| I know, I know. You
all wanted a review of Impostor, and I do so hate
to disappoint.
Luke and Owen Wilson, along
with director-compadre Wes Anderson, have raised
the bar with eccentric comedies twice in the past
(Rushmore and the smalltime but classic
Bottle Rocket), and have pretty much done
it again. In a season (indeed, a year) devoid
of solid gut-laugh comedy, Anderson and the Wilson's
bring us not only gut-laughs but snickers, giggles,
knee-slappers, and grinners. Yeah, The Royal
Tenenbaums, while officially revoking the
Terrible Threesome's status as indie darlings,
serves up all that it promises.
It goes down like this.
The titular Royal Tenenbaum (Gene Hackman, in
his best performance in years) is husband (more
or less) to Etheline (Anjelica Houston), and father
(sort of) to three geniuses: Chas the capitalist
(Ben Stiller, with an impossible wig), Richie
the tennis prodigy (Luke Wilson, ditto), and the
adopted daughter Margot, the playwright (Gwyneth
Paltrow, tragic and sexy).
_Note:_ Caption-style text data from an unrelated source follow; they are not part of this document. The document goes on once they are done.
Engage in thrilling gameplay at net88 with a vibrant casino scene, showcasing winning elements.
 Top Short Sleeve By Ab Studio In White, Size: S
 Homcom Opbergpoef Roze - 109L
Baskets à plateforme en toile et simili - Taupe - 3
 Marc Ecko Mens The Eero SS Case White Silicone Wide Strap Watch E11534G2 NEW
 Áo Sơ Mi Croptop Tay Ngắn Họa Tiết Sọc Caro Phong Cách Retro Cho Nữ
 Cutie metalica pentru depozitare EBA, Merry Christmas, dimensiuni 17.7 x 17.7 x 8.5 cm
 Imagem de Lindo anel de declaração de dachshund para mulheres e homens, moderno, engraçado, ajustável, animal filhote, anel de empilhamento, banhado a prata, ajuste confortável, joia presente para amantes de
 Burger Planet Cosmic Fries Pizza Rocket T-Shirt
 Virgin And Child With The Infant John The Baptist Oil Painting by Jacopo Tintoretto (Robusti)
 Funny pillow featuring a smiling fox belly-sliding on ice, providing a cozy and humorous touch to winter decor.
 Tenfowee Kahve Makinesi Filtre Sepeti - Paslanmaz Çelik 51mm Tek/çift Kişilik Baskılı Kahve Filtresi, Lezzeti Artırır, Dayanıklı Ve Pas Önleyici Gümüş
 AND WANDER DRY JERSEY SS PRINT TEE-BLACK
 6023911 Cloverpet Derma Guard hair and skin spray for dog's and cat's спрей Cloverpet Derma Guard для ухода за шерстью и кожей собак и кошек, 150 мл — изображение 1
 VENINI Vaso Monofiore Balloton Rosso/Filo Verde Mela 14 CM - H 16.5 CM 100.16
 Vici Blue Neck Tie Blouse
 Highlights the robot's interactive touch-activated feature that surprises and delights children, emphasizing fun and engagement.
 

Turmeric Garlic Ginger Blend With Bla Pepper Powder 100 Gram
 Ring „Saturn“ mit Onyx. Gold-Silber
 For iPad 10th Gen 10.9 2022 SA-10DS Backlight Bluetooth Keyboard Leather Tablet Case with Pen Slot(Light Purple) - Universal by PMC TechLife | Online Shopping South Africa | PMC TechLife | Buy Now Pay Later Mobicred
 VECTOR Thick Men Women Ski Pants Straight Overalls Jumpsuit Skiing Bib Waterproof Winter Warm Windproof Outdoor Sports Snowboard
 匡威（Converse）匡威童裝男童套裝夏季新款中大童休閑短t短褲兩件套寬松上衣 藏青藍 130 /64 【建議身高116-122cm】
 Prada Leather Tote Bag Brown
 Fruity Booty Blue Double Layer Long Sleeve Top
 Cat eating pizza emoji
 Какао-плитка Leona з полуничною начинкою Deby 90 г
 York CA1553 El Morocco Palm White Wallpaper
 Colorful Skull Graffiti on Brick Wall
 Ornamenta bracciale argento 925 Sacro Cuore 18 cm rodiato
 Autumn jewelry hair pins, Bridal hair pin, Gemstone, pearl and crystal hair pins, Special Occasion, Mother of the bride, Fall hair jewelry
When the kid's ages
are still measured in single digits, Etheline
kicks Royal out. No explanation is given, but
it is no great leap in logic to figure that Ethel
plain didn't want to live with an asshole anymore.
Time passes, as it often
does. All three have their moment in the sun as
the prodigal children of America, the "genius
Tenenbaums," but as adulthood wears on, obscurity
asserts itself, and all three fall into a slump.
Chas lost his wife in a freak accident and forever
after trains his twin sons in emergency situations.
Richie had a nervous breakdown on the tennis court,
and can't quite let go of the game (neither can
the tennis fans who spot him on the street). Margot
marries a ludicrously genteel child psychologist
(Bill Murray) that she hides positively everything
from.
There's other stuff going
on, of course. Eli Cash (Luke Wilson), lifelong
family friend to the Tenenbaums, is a writer of
trash Westerns and Margot's extramarital lover
besides. Ethel, now an archaeologist (people are
never just fucking cubicle-workers in movies,
you know?), has received and is working on accepting
a marriage proposal from her accountant (Danny
Glover). Margot is locking herself in her bathroom
for hours on end, feeding a smoking habit nobody's
ever known she had. Richie, the closet romantic,
has been in love with Margot since his early teens.
All of this serves as multi-layered
backdrop, alternately funny and sad, for Royal.
His news of impending death by stomach cancer
(fictional or not, for a great portion of the
movie we're not really sure) brings the children
home, and sparks fly as never before. Royal's
an asshole, see, but one that is really, really
hard to hate. He is the kind of guy who will tell
his twin grandsons that he regrets their mother's
death because she was "very, very attractive,"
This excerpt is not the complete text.